My young refining career is about to come to an early end if I don't figure out how to get all of my silver to dissolve. Heck, at this point I would be thrilled to get 50% of my silver to dissolve. What am I doing wrong? I am using homemade nitric because chemical supply companies only sell to businesses. I use 500ml boiling distilled water, to which I gradually add 700 grams of sodium nitrate crystals. Once the solution is thoroughly saturated I let it cool. I then slowly add 280 ml of sulfuric acid, a little at a time. Next, I let the salts drop for 20-25 minutes. Then I transfer the liquid to a dense plastic container with lid and freeze for 3 hours. I do not pour the salt into the freezing container, but additional salts develop while freezing, so I transfer the finished acid to yet another bottle and leave the new salts in the container used for freezing. My understanding is that I should have about 50% strength nitric from this procedure.
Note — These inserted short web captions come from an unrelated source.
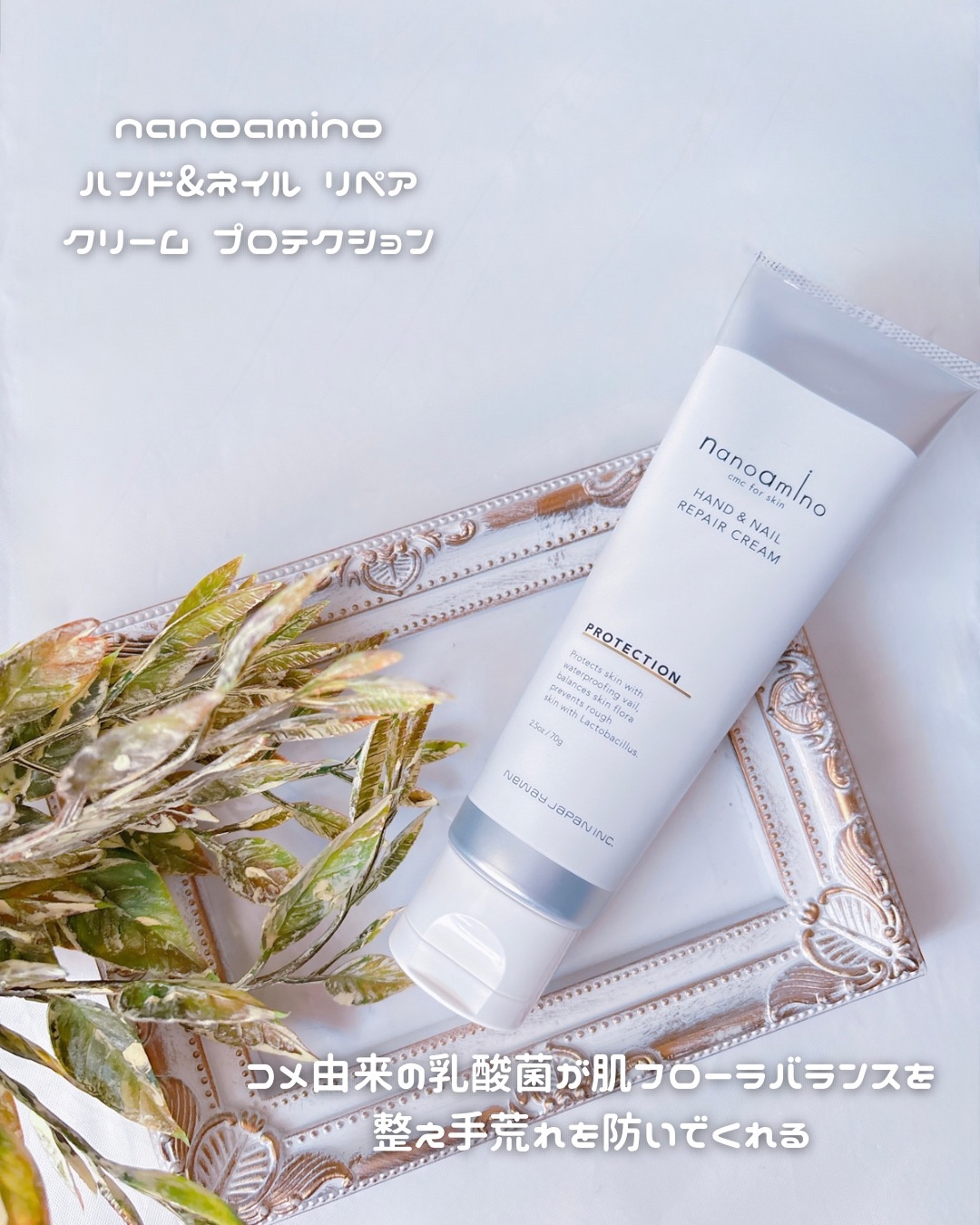ハンド＆ネイル リペア クリーム プロテクション/ナノアミノ/ネイルオイル・トリートメントを使ったクチコミ（2枚目）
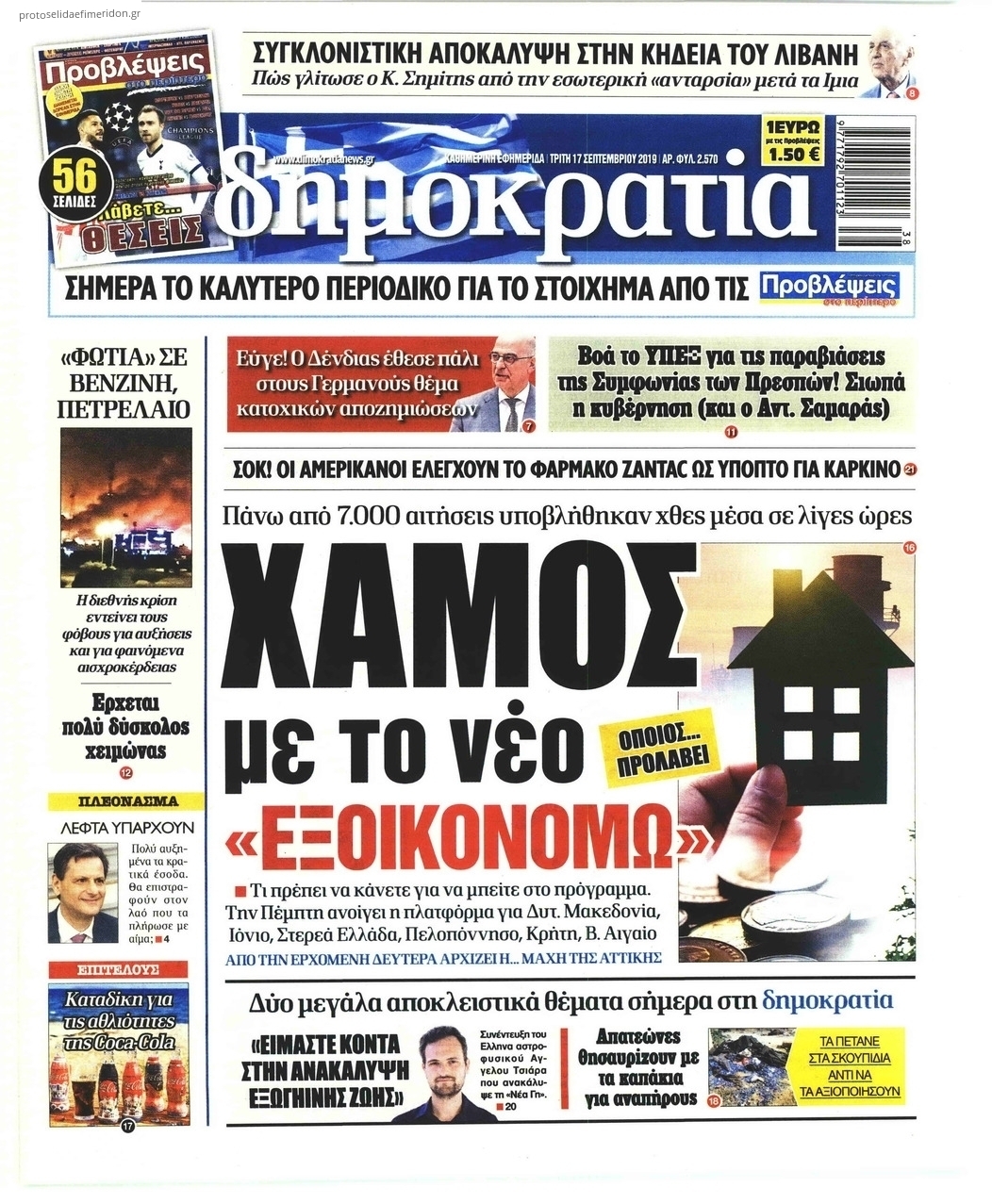 Πρωτοσέλιδο εφημερίδας Δημοκρατία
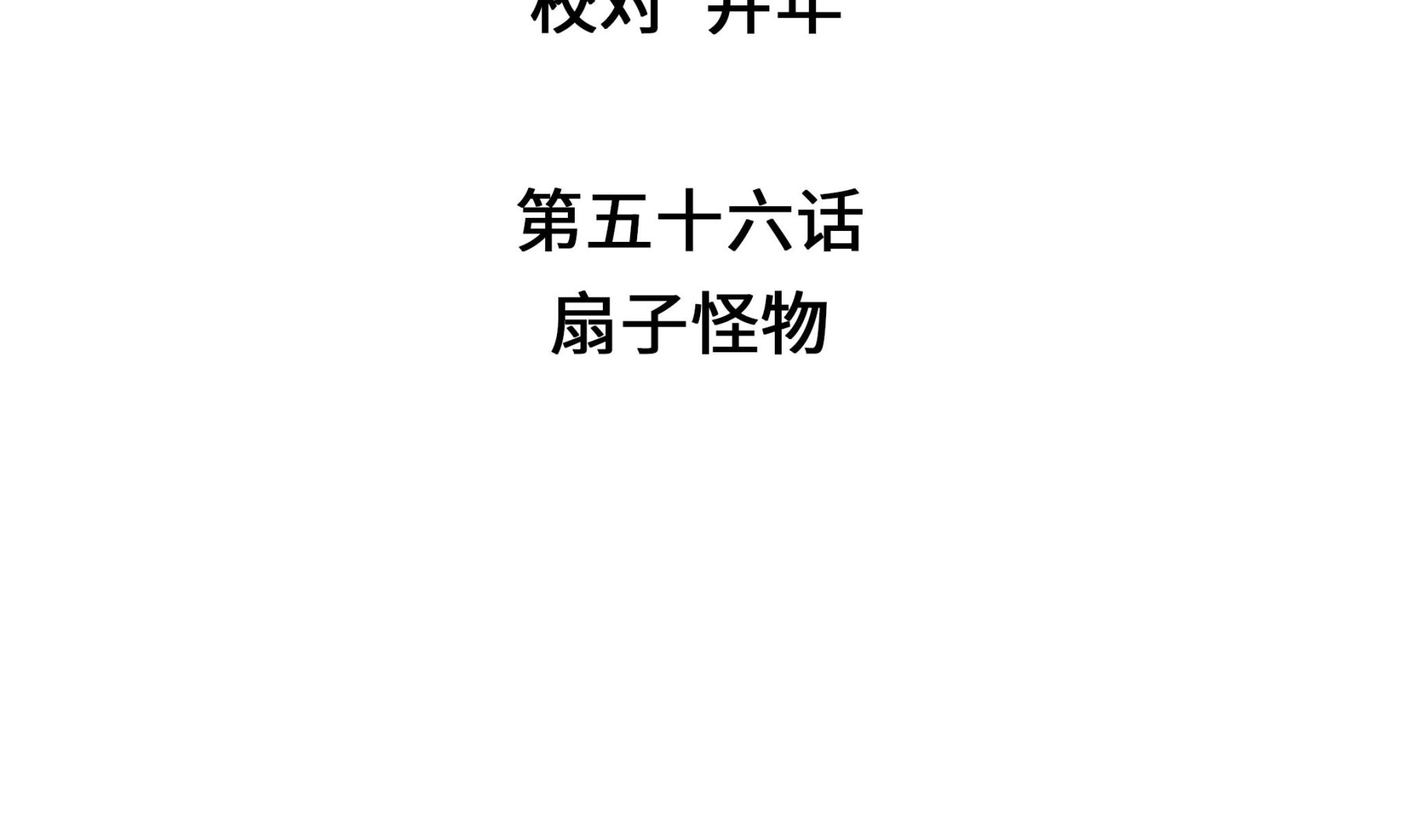 第56话 扇子怪物(1/2)-第56话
Here are my questions, to which I would be extremely grateful for answers:

1. Does this process actually make 50% nitric acid?
2. What is the proper ratio of acid/distilled water to use per gram of sterling silver (I know it's 1:1 with 70% nitric)?
3. Why is this acid so ineffective, as I have tried every ratio from 1:0.5 to 1:2, with similarly disappointing results?
4. Do I need to add pure silver powder to my acid, and if so, how much?
5. If the homemade stuff doesn't really work (I've tried and tried, with heat, too) where can I buy some real acid?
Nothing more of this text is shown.